12 de Agosto de 2018


Os media, em Portugal, abocanham os incêndios florestais com um misto de voyeurismo e de instinto assassino. Os demorados planos de labaredas recortadas num céu escuro e os grandes planos de caras sofredoras e queixosas alternam com uma retórica antigovernamental onde é difícil distinguir entre erros causados pela ignorância e manipulações intencionais puras e duras. Lembro que a manipulação não é, necessariamente, sinónimo de mentira. Pode-se distorcer totalmente a percepção do público através de técnicas de extrapolação, amplificação desproporcionada e indução de conclusões a partir de uma reconstrução da realidade que ignora factos determinantes.
As contradições nas coberturas dos incêndios são acentuadas pelo trabalho sério de muitos repórteres, cuja experiência, conhecimento e objectividade contrastam com as más práticas dominantes. (JAG)

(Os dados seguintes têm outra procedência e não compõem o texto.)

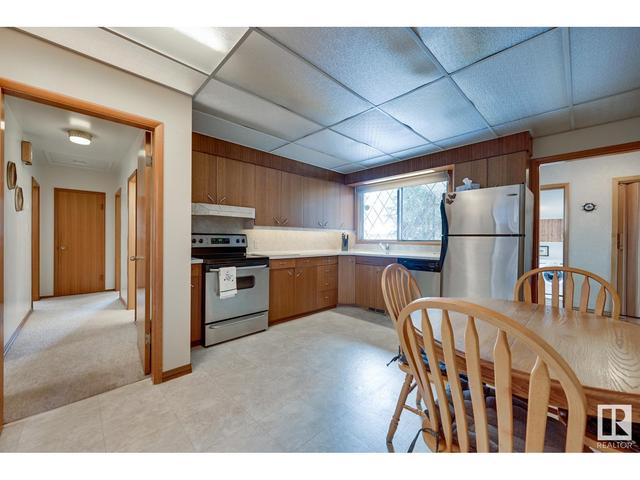 7012 Fulton Dr Nw, House detached with 3 bedrooms, 2 bathrooms and 4 parking in Edmonton AB | Image 10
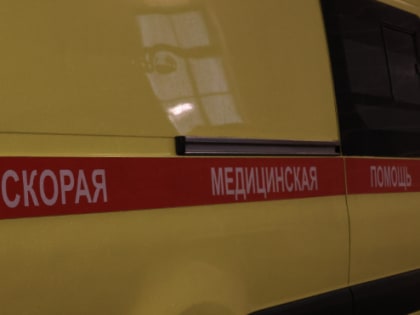 Медики Ладожского озера: Спасение на воде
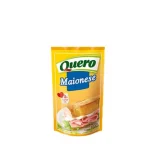 MAIONESE SACHE QUERO 200G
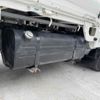 mazda bongo-truck 2018 GOO_NET_EXCHANGE_0401996A30250530W001 image 17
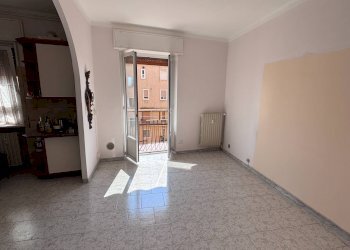 Foto 2 - Two-room apartment via Delfico
20, Milano - photo 2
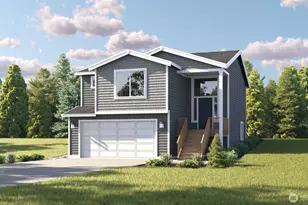 4453 74th Dr NE, Marysville, WA 98270 - Photo 2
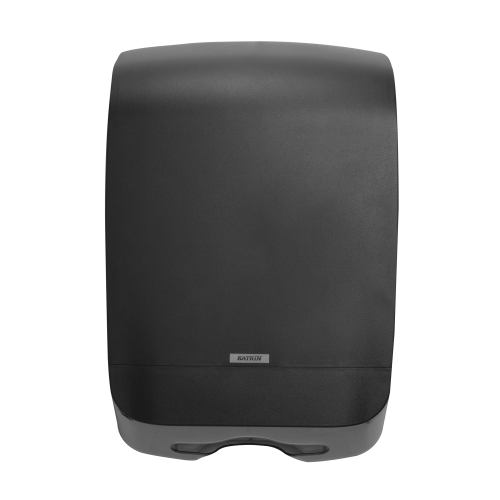 Katrin Hand Towel Dispenser M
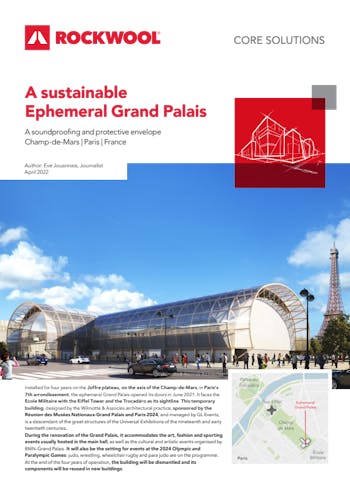 RW-CS-Case_Study-A_Sustainable_Ephemeral_Grand_Palais-EN.pdf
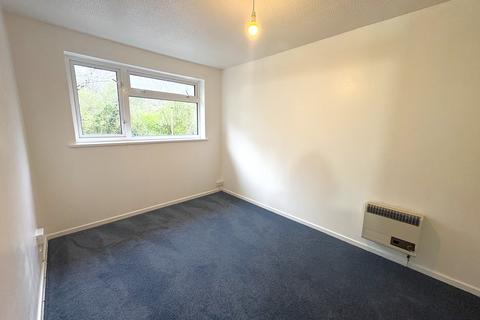 undefined, Pendragon Road, EXETER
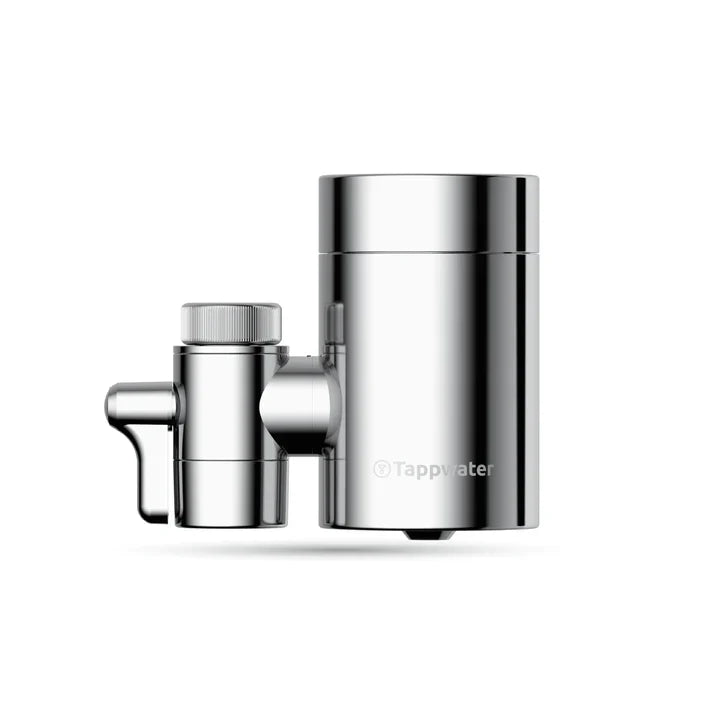 EcoPro Chrome SMR Recargas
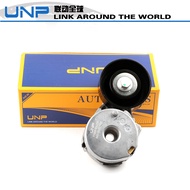 11955-EN200 11955-EE50B For NISSAN LIVINA LATIO 1.8 SLYPHY TEANA 2.0 X-TRAIL Fan Belt Tensioner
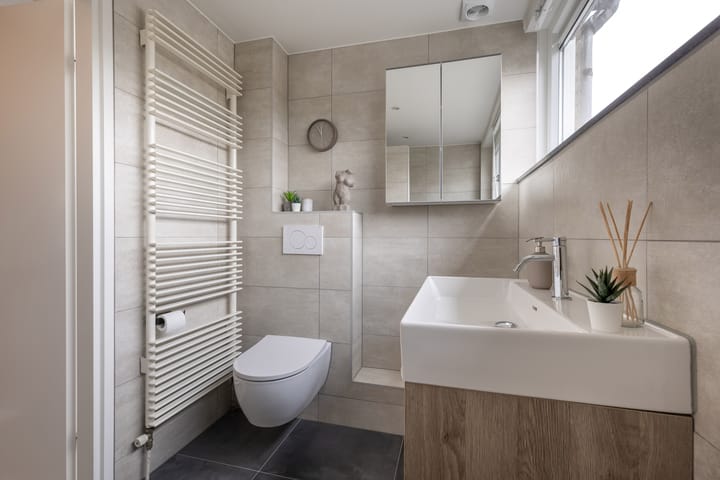 Foto 39 van 't Geerken 1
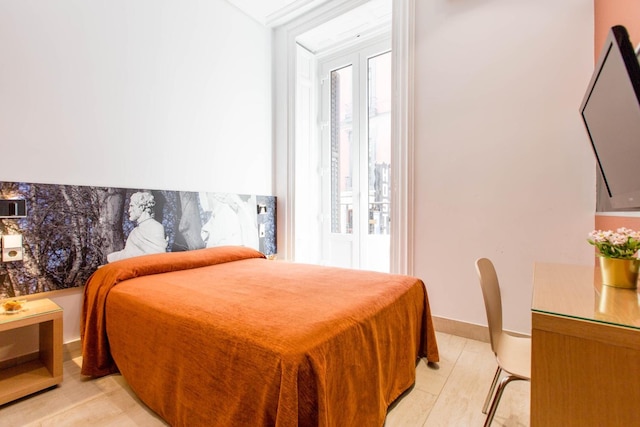 オスタル セルベロ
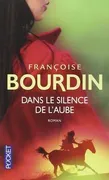 Dans Le Silence De L'aube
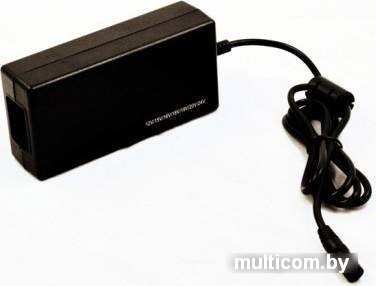 Сетевое зарядное KS-IS Chrox-L KS-152L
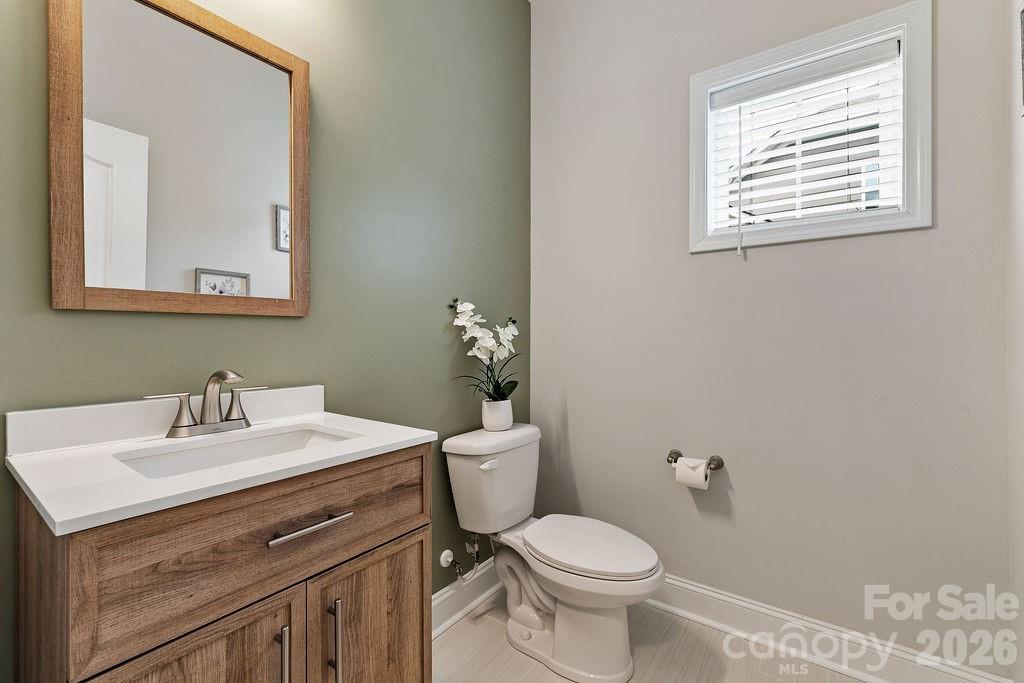 14842 Belleglade Trail Property Photo 20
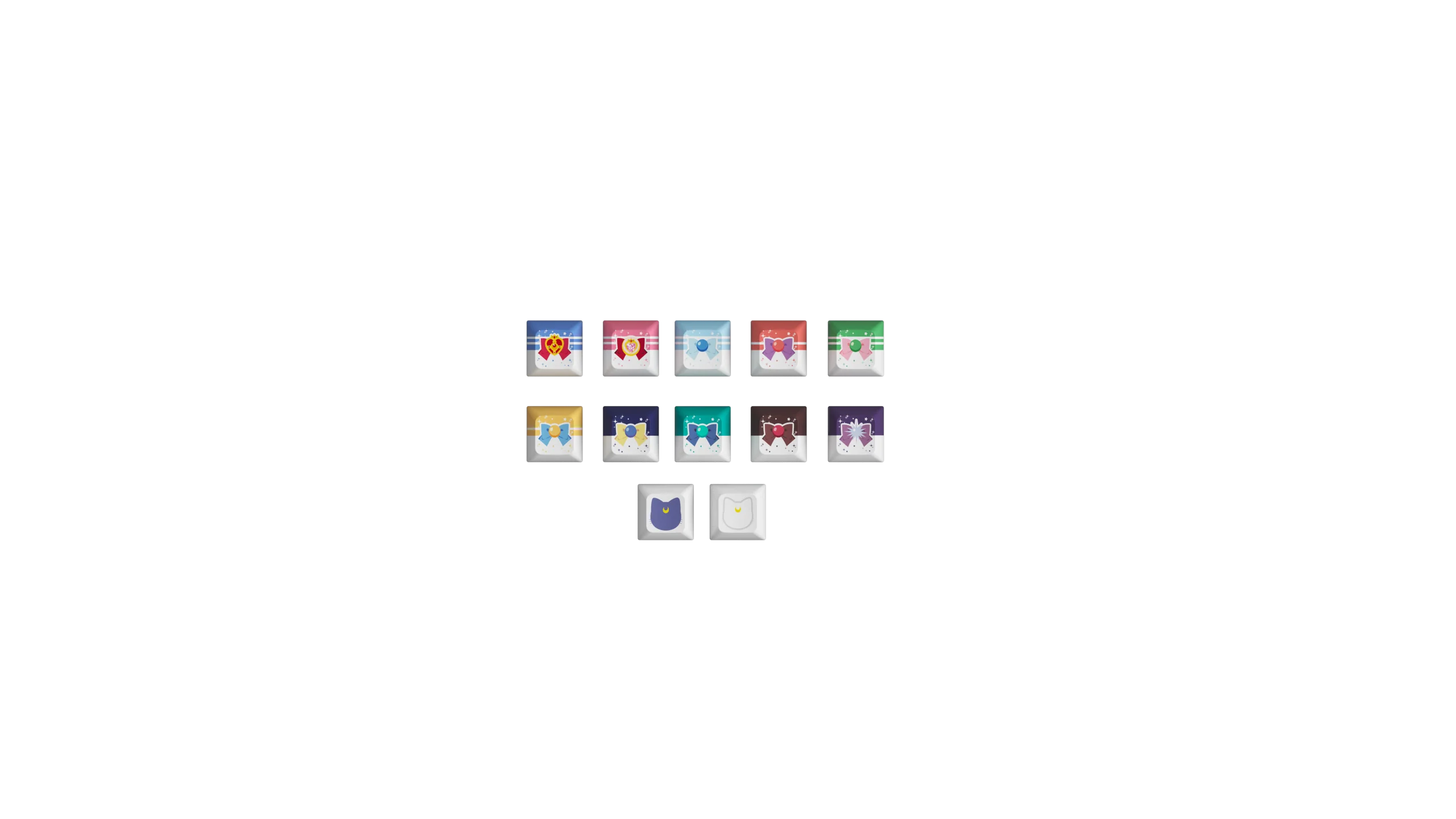Produktbild 11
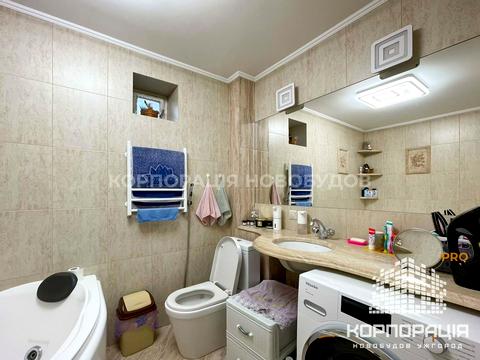 будинок за адресою Коритнянська вул., 1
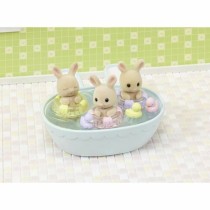 Actionfiguren Sylvanian Families 5707 Hase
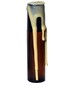 parfém Vanilla Opi-Oud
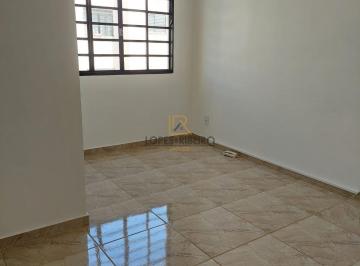 Apartamento · 40m² · 2 Quartos · 1 Vaga · Apartamento para venda em Jardim Bom Pastor de 40.00m² com 2 Quartos e 1 Garagem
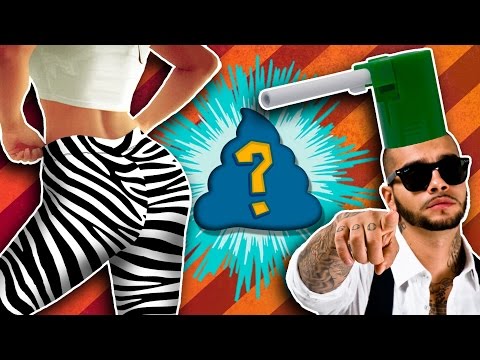 Видео: САМАЯ МОЗГОВЫНОСЯЩАЯ РЕКЛАМА РАЗНЫХ СТРАН!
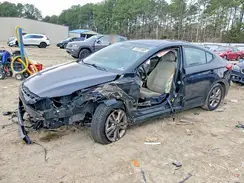 KMHD84LF9HU075510 2017 HYUNDAI ELANTRA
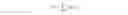 Fig. 03 - PEER-TO-PEER COMMUNICATION OPTIMIZATION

Durante os incêndios, somos bombardeados com as inevitáveis referências aos eucaliptos, à reordenação da floresta, ao caos no comando, etc. Este é o cenário a que estamos habituados, ano após ano. 

Mas, pergunto eu agora, que fazem no intervalo dos incêndios os preocupados media? Fazem o seguimento da temporada de fogos, tentando descobrir se alguma coisa mudou, se alguém beneficiou com o desastre, se estão a ser recriadas condições favoráveis à repetição de grandes incêndios? Promovem discussões de especialistas que contribuam para a mudança do paradigma actual?

Não é preciso um aturado trabalho de investigação para concluir que esses preocupados media estão cheios de publicidade às celuloses, de comunicados de imprensa de celuloses disfarçados de notícias, de entrevistas a responsáveis por interesses ligados às celuloses, entre os quais, naturalmente, os bancos financiadores. E por falar em bancos, quem, nas redacções de todos os media, tem ideia da recomendação do Banco Mundial, há 40 anos, que reservava para Portugal, num plano de “divisão de trabalho” internacional, a função dominante de produtor de pasta de papel? Os resultados estão à vista. Tal como a conjugação de interesses do Banco Mundial com a indústria de celulose, através do seu organismo International Finance Corporation.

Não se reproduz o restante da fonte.